# Task inputs

+-------+

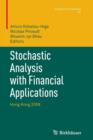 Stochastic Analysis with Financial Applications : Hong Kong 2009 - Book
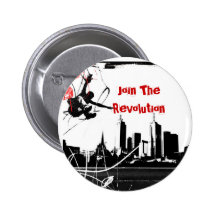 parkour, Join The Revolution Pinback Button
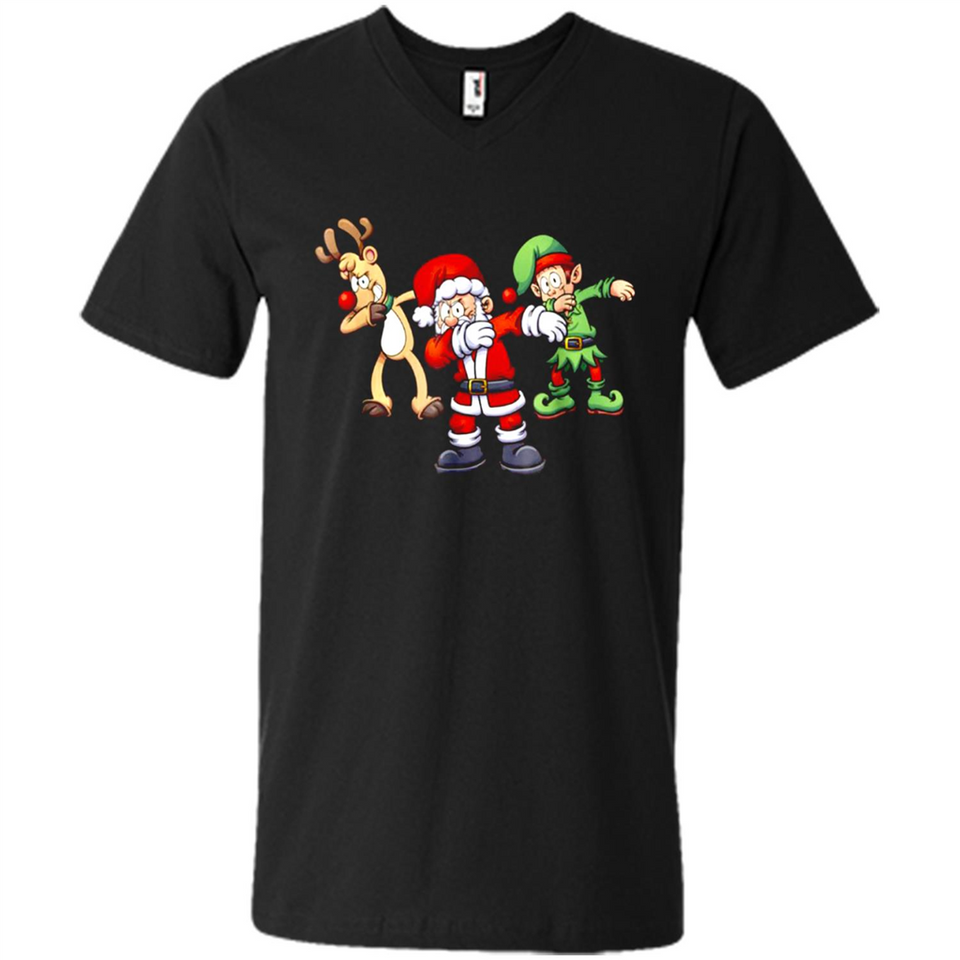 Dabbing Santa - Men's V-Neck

+-------+

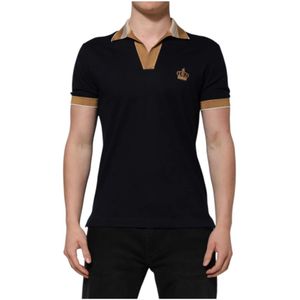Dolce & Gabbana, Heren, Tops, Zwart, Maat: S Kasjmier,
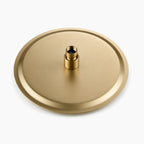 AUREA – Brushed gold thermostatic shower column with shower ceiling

+-------+

# Exercise
Word for word, write out the lines above running from the one with "parkour, Join The Revolution Pinback Button" up to and including the one with "Dabbing Santa - Men's V-Neck". Drop any picture.

# Problem solution
 parkour, Join The Revolution Pinback Button
 Dabbing Santa - Men's V-Neck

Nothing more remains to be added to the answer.